Department of Organismic and Evolutionary Biology, Harvard University, 16 Divinity Avenue, Cambridge, MA, 02138, USA.
Department of Molecular and Cellular Biology, Harvard University, 16 Divinity Avenue, Cambridge, MA, 02138, USA.
BMC Evol Biol. 2019 Feb 11;19(1):53. doi: 10.1186/s12862-019-1363-x.
Germ lines are the cell lineages that give rise to the sperm and eggs in animals. The germ lines first arise from primordial germ cells (PGCs) during embryogenesis: these form from either a presumed derived mode of preformed germ plasm (inheritance) or from an ancestral mechanism of inductive cell-cell signalling (induction). Numerous genes involved in germ line specification and development have been identified and functionally studied. However, little is known about the molecular evolutionary dynamics of germ line genes in metazoan model systems.

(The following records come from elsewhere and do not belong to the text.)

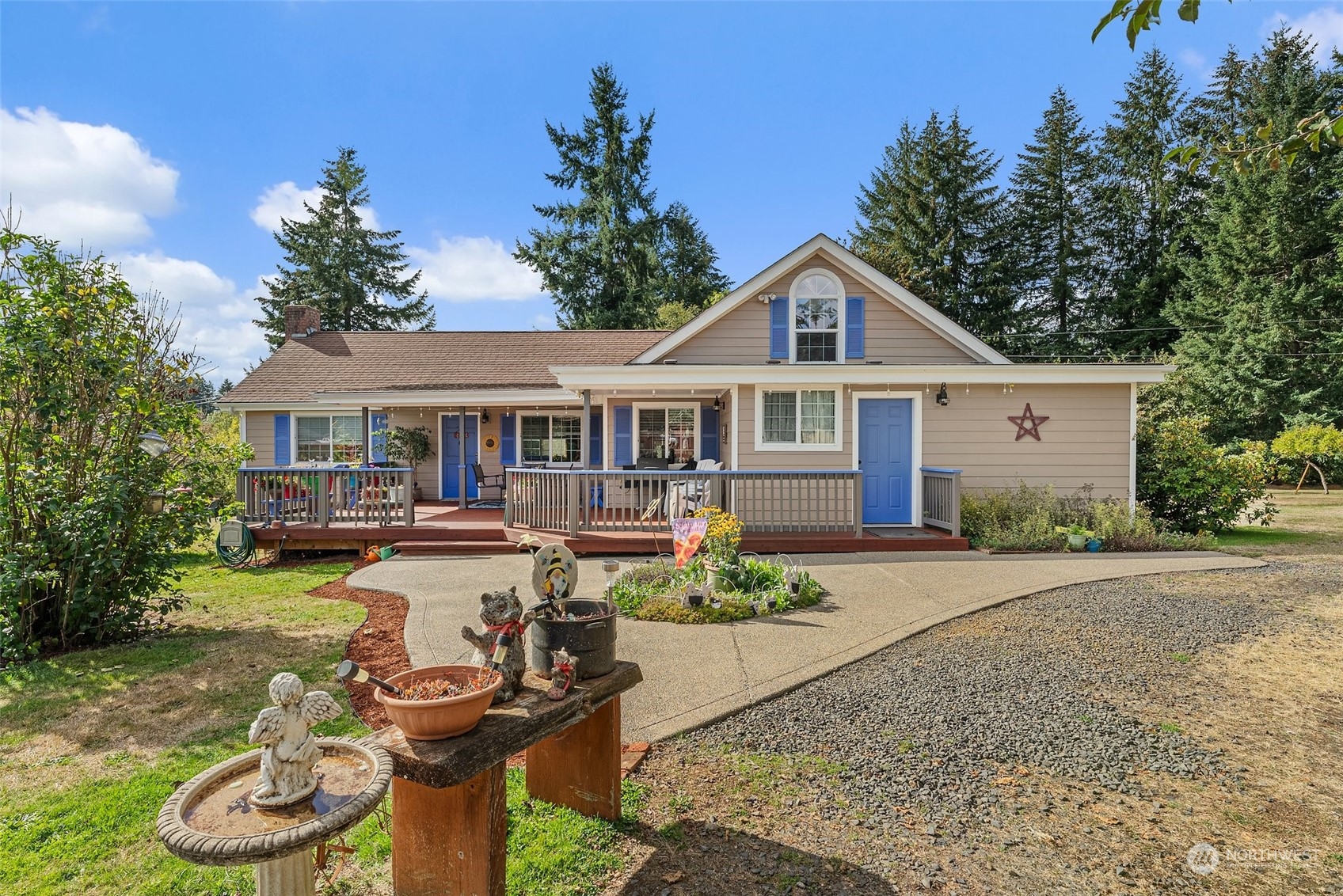 158 Hawkins Road Winlock, WA 98596 - Photo 23 of 28 a front view of a house with garden and patio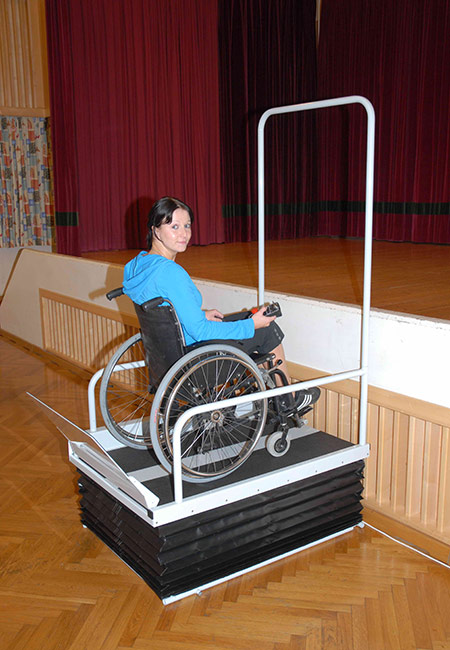 Eine junge Dame benutzt mit ihrem Rollstuhl den LIFTBOY, um die Bühne zu erreichen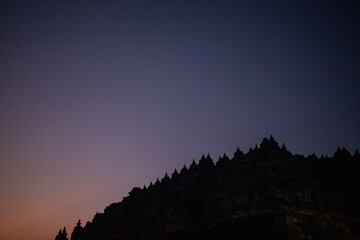 Enchanting Twilight Silhouette of Ancient Temple Against a Deepening Evening Sky: A Mystical and Serene Scene ; borobudur indonesia tourism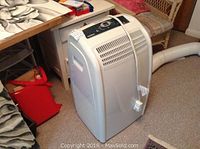 Full view of NOMA portable air conditioner standing on carpeted floor near furniture, plugged in with vent hose attached.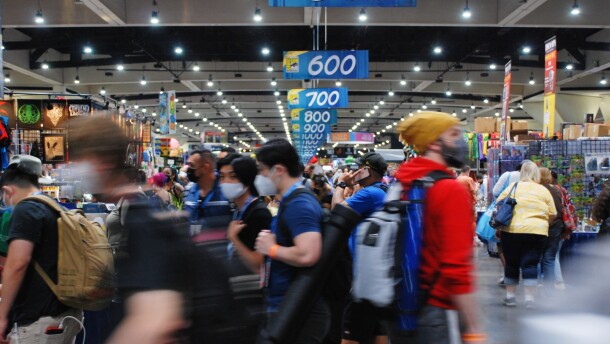 Hundreds of mask-wearing attendees throng the floor at Comic-Con 2022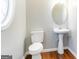 Bright bathroom features wood flooring and a pedestal sink beneath an oval mirror at 3313 Bethesda Ter, Acworth, GA 30101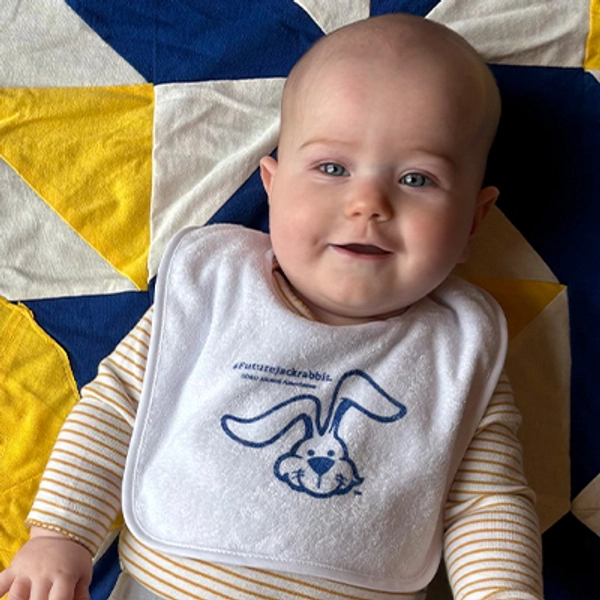 A small child wearing a Jackrabbit bib.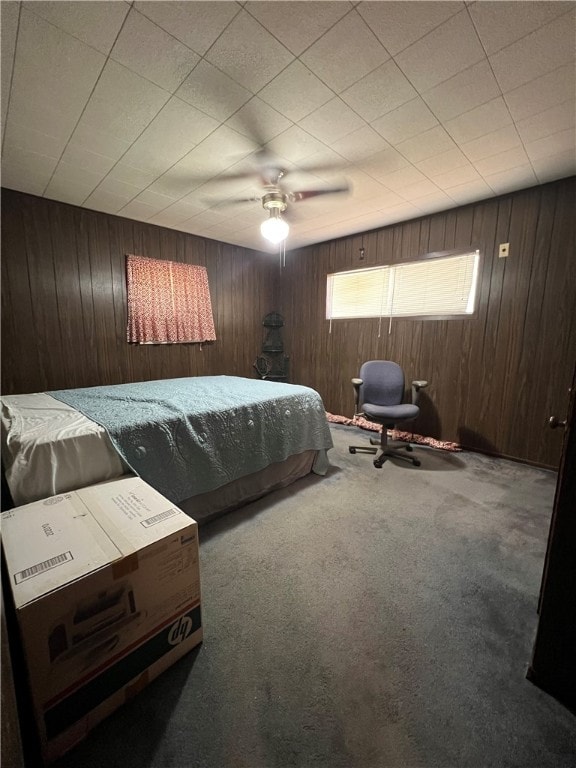 carpeted bedroom with wood walls and ceiling fan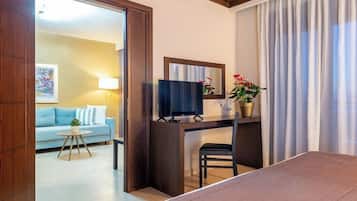 Deluxe Suite, Private Pool | Minibar, in-room safe, desk, laptop workspace
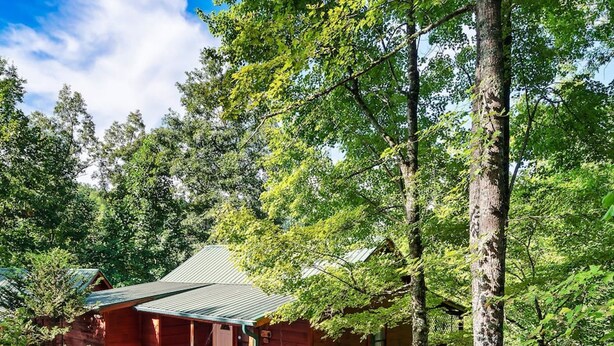 Une cabane avec une véranda, un foyer et un banc.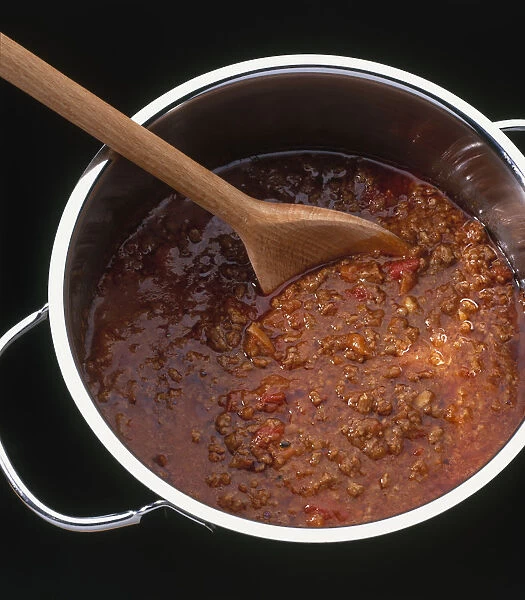 Wooden spoon stirring bolognese sauce in saucepan, view from above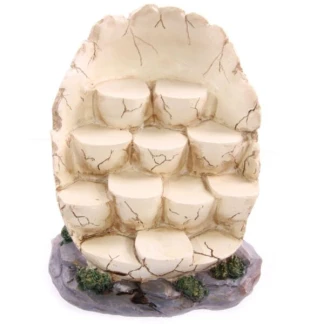 The Puckator Baby Dragon Egg display stand featuring a large cracked stone egg in the center of a rocky, tiered mountain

Here, we studied the molecular evolution of germ line genes within three metazoan model systems. These include the genus Drosophila (N=34 genes, inheritance), the fellow insect Apis (N=30, induction), and their more distant relative Caenorhabditis (N=23, inheritance). Using multiple species and established phylogenies in each genus, we report that germ line genes exhibited marked variation in the constraint on protein sequence divergence (dN/dS) and codon usage bias (CUB) within each genus. Importantly, we found that de novo lineage-specific inheritance (LSI) genes in Drosophila (osk, pgc) and in Caenorhabditis (pie-1, pgl-1), which are essential to germ plasm functions under the derived inheritance mode, displayed rapid protein sequence divergence relative to the other germ line genes within each respective genus. We show this may reflect the evolution of specialized germ plasm functions and/or low pleiotropy of LSI genes, features not shared with other germ line genes. In addition, we observed that the relative ranking of dN/dS and of CUB between genera were each more strongly correlated between Drosophila and Caenorhabditis, from different phyla, than between Drosophila and its insect relative Apis, suggesting taxonomic differences in how germ line genes have evolved.
Taken together, the present results advance our understanding of the evolution of animal germ line genes within three well-known metazoan models. Further, the findings provide insights to the molecular evolution of germ line genes with respect to LSI status, pleiotropy, adaptive evolution as well as PGC-specification mode.
生殖细胞系是产生动物精子和卵子的细胞谱系。生殖细胞系最初是在胚胎发生过程中从原始生殖细胞(PGC)中产生的:这些细胞要么来自假定的预先形成的生殖质的衍生模式(遗传),要么来自诱导细胞-细胞信号的祖先机制(诱导)。已经鉴定出许多参与生殖系指定和发育的基因,并对其进行了功能研究。然而,关于后生动物模型系统中生殖系基因的分子进化动态知之甚少。
在这里,我们研究了三个后生动物模型系统中生殖系基因的分子进化。这些包括果蝇属(N=34 个基因,遗传)、同种昆虫蜜蜂(N=30 个,诱导)及其更远的亲缘关系秀丽隐杆线虫(N=23 个,遗传)。我们使用多个物种和每个属中的已建立的系统发育,报告说生殖系基因在每个属内的蛋白质序列分歧(dN/dS)和密码子使用偏性(CUB)的约束方面表现出明显的变化。重要的是,我们发现果蝇中的从头谱系特异性遗传(LSI)基因(osk、pgc)和秀丽隐杆线虫中的(pie-1、pgl-1),它们是衍生遗传模式下生殖质功能所必需的,与各自属内的其他生殖系基因相比,蛋白质序列迅速进化。我们表明,这可能反映了专门的生殖质功能的进化和/或 LSI 基因的低多效性,这些特征与其他生殖系基因不同。此外,我们观察到,在不同门的果蝇和秀丽隐杆线虫之间,dN/dS 和 CUB 的相对排名比在果蝇和其昆虫亲缘关系蜜蜂之间更为相关,这表明生殖系基因进化的分类学差异。
总之,目前的结果提高了我们对三个著名后生动物模型中动物生殖系基因进化的理解。此外,这些发现为 LSI 状态、多效性、适应性进化以及 PGC 特异性模式的生殖系基因的分子进化提供了见解。